# Quantize the Open Model Zoo resnet-50-tf model
Quantizing a model accelerates a trained model by reducing the precision necessary for its calculations.  Acceleration comes from lower-precision calculations being faster as well as less memory needed and less data to transfer since the data type itself is smaller along with the model weights data.  Though lower-precision may reduce model accuracy, typically a model using 32-bit floating-point precision (FP32) can be quantized to use lower-precision 8-bit integers (INT8) giving good results that are worth the trade off between accuracy and speed.  To see how quantization can accelerate models, see [INT8 vs FP32 Comparison on Select Networks and Platforms](https://docs.openvino.ai/latest/openvino_docs_performance_int8_vs_fp32.html#doxid-openvino-docs-performance-int8-vs-fp32) for some benchmarking results.

[Intel Distribution of OpenVINO toolkit](https://software.intel.com/openvino-toolkit) includes the [Post-Training Optimization Tool (POT)](https://docs.openvino.ai/latest/pot_README.html) to automate quantization.  For models available from the [Open Model Zoo](https://github.com/openvinotoolkit/open_model_zoo), the [`omz_quantizer`](../104-model-tools/104-model-tools.ipynb) tool is available to automate running POT using its [DefaultQuantization](https://docs.openvino.ai/latest/pot_compression_algorithms_quantization_default_README.html#doxid-pot-compression-algorithms-quantization-default-r-e-a-d-m-e) 8-bit quantization algorithm to quantize models down to INT8 precision.

This Jupyter* Notebook will go step-by-step through the workflow of downloading the [resnet-50-tf](https://github.com/openvinotoolkit/open_model_zoo/tree/master/models/public/resnet-50-tf) model from the Open Model Zoo through quantization and then checking and benchmarking the results.  The workflow consists of following the steps:
1. Download and set up the the [Imagenette](https://github.com/fastai/imagenette) (subset of [ImageNet](http://www.image-net.org/)) validation dataset to be used by omz_quantize
2. Download model from the Open Model Zoo
3. Convert model to FP32 IR files
4. Quantize FP32 model to create INT8 IR files
5. Run inference on original and quantized model
6. Check accuracy before and after quantization
7. Benchmark before and after quantization

While performing the steps above, the following [OpenVINO tools](../104-model-tools/104-model-tools.ipynb) will be used to download, convert, quantize, check accuracy, and benchmark the model:
- `omz_downloader` - Download model from the Open Model Zoo
- `omz_converter` - Convert an Open Model Zoo model
- `omz_quantizer` - Quantize an Open Model Zoo model
- `accuracy_check` - Check the accuracy of models using a validation dataset
- `benchmark_app` - Benchmark models

## About the model
This notebook uses the resnet-50-tf model which is a TensorFlow* implementation of ResNet-50, an image classification model that has been trained on the ImageNet dataset.

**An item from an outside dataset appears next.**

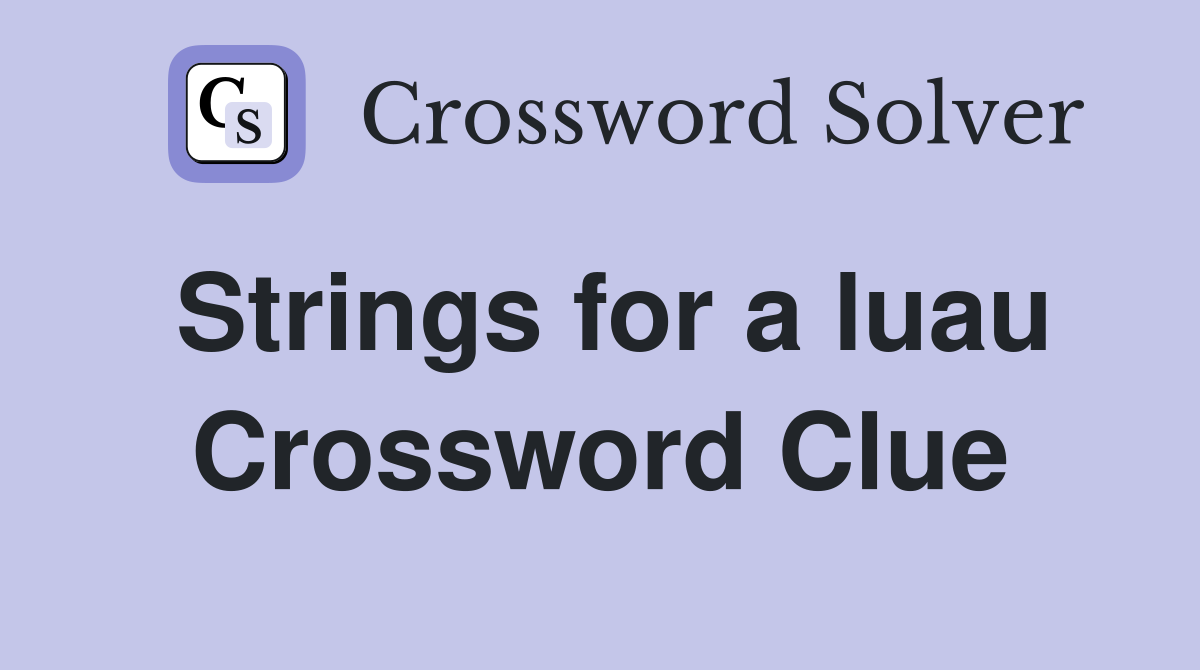 Strings for a luau Crossword Clue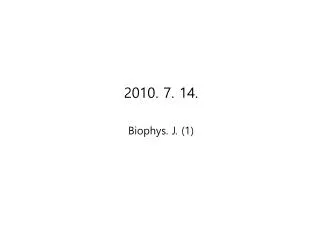 2010 7 14 biophys j 1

The input to the converted model is a 224x224 BGR image.  The output of the model is 1001 prediction probabilities in the range of 0.0-1.0 for each of the 1000 classes, plus one for background.

For details more details on the resnet-50-tf model, see the Open Model Zoo [model](https://github.com/openvinotoolkit/open_model_zoo/tree/master/models/public/resnet-50-tf), the [paper](https://arxiv.org/abs/1512.03385) and the [repository](https://github.com/tensorflow/models/tree/v2.2.0/official/r1/resnet).

## Imports

In [None]:
# necessary imports
import glob
import os
import shutil
import sys
import tarfile
from pathlib import Path
from subprocess import PIPE, STDOUT, Popen

import cv2
import matplotlib.pyplot as plt
import numpy as np
from openvino.inference_engine import IECore

sys.path.append("../utils")
import notebook_utils as nbutils

## Settings

By default, this notebook downloads the model, dataset, etc. to subdirectories where this notebook is located.  The following variables may be used to set file locations:
* `OMZ_MODEL_NAME`: Model name as it appears on the Open Model Zoo
* `DATA_DIR`: Directory where dataset will be downloaded and set up
* `MODEL_DIR`: Models will be downloaded into the `intel` and `public` folders in this directory
* `OUTPUT_DIR`: Directory used to store any output and other downloaded files (e.g. configuration files for running accuracy_check)

In [None]:
# base settings
OMZ_MODEL_NAME = "resnet-50-tf"
DATA_DIR = Path("data")
MODEL_DIR = Path("model")
OUTPUT_DIR = Path("output")
DATASET_DIR = DATA_DIR / "imagenette"
LABELS_PATH = DATASET_DIR / "imagenet_2012.txt"

# different model precisions location
MODEL_PUBLIC_DIR = MODEL_DIR / "public" / OMZ_MODEL_NAME
MODEL_FP32_DIR = MODEL_PUBLIC_DIR / "FP32"
MODEL_FP32INT8_DIR = MODEL_PUBLIC_DIR / "FP32-INT8"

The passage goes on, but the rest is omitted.